Итак, любовь, досада, вина, ревность… Какими же средствами выражает их Чехов? В начале IV действия – это ее короткие реплики, из которых мы, собственно, с ситуацией и знакомимся. А в его второй половине, с приездом в имение Аркадиной и Тригорина, когда Маша принимает участие в общей игре, это и вообще…объявление о выпавших в лото номерах: 22, 3, 8, 81, 10 и т. д. И всё! Это последнее, что произносит она на сцене, участвуя в общей игре. Так способны ли эти цифры выразить хоть что-нибудь из ее сложной эмоциональной гаммы? У Чехова – да! Потому что в его театре неважно что говорят, а важно что чувствуют и о чем думают люди. Конечно, передать это значительно трудней. Для кого-то и просто невозможно. Создатели чеховских спектаклей должны докопаться до душевного родника каждого из героев, направить этот поток в единое русло и заполнить им зрительный зал. Настоящее театральное таинство с омовением и просветлением.
Почему же, однако, такое странное отношение к слову, почему не оно является главным носителем смысла? Дело в том, что драматург ощущал: слово износилось и опошлилось, оно плохо отражает смысл индивидуального бытия. Не случайно, именно в ноябре 1896 года, когда Чехов переживал неудачу с постановкой «Чайки» в Петербурге, он пишет Вл. И. Немировичу-Данченко письмо, в котором открыто объясняет свое понимание слов и разговоров в жизни. Это понимание он, конечно, воплотил и в своей драматургии. И то, что Немирович-Данченко понял, о чем идет речь, – засвидетельствовано фактом блистательной московской премьеры «Чайки», которую он осуществил совместно со Станиславским.

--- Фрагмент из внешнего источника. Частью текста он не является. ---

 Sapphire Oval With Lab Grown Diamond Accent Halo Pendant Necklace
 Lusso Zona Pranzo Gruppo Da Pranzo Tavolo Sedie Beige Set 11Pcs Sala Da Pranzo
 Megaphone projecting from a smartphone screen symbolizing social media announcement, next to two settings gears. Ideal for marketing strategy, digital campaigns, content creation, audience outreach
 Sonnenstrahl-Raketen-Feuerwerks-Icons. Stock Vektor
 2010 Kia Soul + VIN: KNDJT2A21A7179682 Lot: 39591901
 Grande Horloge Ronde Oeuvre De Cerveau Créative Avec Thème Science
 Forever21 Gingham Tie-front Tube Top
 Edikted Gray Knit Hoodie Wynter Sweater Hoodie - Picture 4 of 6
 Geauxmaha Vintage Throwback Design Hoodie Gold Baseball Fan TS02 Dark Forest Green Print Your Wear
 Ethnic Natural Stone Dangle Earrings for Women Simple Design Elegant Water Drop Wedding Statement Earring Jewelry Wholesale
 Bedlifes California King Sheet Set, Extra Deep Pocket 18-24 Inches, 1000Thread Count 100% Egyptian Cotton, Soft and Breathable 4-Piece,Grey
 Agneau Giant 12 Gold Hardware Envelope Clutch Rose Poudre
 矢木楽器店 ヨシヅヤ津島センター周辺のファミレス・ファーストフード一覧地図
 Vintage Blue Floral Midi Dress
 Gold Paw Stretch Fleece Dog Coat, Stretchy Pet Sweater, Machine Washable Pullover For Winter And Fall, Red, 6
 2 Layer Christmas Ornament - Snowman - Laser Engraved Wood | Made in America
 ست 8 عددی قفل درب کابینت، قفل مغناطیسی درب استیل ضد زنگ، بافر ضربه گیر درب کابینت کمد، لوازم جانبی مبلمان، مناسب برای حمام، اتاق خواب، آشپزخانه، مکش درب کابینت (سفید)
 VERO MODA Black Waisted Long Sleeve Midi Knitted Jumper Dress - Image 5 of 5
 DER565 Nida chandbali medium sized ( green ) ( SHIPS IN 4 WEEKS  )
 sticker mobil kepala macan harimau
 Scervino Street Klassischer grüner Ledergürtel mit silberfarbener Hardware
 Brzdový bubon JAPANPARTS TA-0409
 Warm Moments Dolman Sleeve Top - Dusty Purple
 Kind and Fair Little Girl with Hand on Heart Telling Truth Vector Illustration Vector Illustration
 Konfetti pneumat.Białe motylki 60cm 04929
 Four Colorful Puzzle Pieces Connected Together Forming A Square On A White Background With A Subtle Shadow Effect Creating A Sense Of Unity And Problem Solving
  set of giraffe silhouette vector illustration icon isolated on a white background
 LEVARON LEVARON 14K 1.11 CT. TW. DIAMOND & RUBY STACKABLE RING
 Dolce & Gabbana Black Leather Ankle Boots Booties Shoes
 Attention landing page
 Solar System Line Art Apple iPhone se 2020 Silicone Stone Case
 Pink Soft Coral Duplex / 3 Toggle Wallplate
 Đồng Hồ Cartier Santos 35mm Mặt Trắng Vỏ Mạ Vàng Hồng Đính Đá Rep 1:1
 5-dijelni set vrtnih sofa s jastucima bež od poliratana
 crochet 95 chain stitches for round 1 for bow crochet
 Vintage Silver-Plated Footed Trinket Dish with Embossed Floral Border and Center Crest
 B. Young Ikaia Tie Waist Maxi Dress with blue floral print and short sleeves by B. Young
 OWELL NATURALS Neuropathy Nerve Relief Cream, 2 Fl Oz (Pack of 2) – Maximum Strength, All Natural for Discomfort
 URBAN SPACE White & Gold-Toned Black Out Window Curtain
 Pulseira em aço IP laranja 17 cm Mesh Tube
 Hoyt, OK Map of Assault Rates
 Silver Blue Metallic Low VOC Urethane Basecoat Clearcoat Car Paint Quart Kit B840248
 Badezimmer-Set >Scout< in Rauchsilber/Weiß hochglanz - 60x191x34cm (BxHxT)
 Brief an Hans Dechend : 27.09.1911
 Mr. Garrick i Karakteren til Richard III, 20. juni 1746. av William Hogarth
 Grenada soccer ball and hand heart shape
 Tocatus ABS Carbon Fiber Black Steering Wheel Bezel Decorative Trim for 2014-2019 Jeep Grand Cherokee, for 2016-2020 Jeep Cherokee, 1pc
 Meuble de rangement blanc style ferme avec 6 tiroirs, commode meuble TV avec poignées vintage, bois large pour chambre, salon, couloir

А теперь – фрагмент этого письма от 26 ноября 1896 года.
«…Почему мы вообще так редко ведем серьезные разговоры. Когда люди молчат, то это значит, что им не о чем говорить или что они стесняются. У нас нет политики, у нас нет ни общественной, ни кружковой, ни даже уличной жизни, наше городское существование бедно, однообразно, тягуче, неинтересно – и говорить об этом так же скучно, как переписываться с Луговым. Ты скажешь, что мы литераторы и что это уже само по себе делает нашу жизнь богатой. Так ли? Мы увязли в нашу профессию по уши, она исподволь изолировала нас от внешнего мира – и в результате у нас мало свободного времени, мало денег, мало книг, мы мало и неохотно читаем, мало слышим, редко уезжаем… Говорить о литературе? Но ведь мы о ней уже говорили… Каждый год одно и то же, одно и то же, и все, что мы обыкновенно говорим о литературе, сводится к тому, кто написал лучше и кто хуже; разговоры же на более общие, более широкие темы никогда не клеятся, потому что когда кругом тебя тундра и эскимосы, то общие идеи, как не применимые к настоящему, так же быстро расплываются и ускользают, как мысли о вечном блаженстве. Говорить о своей личной жизни? Да, это иногда может быть интересно, и мы, пожалуй, поговорили бы, но тут уж мы стесняемся, мы скрытны, неискренни, нас удерживает инстинкт самосохранения, мы боимся. Мы боимся, что во время нашего разговора нас подслушает какой-нибудь некультурный эскимос, который нас не любит и которого мы тоже не любим ‹…› Я боюсь нашей морали, боюсь наших дам…Короче, в нашем молчании, в несерьезности и в неинтересности наших бесед не обвиняй ни себя, ни меня, а обвиняй, как говорит критика, «эпоху», обвиняй климат, пространство, что хочешь, и предоставь обстоятельства их собственному роковому, неумолимому течению, уповая на лучшее будущее».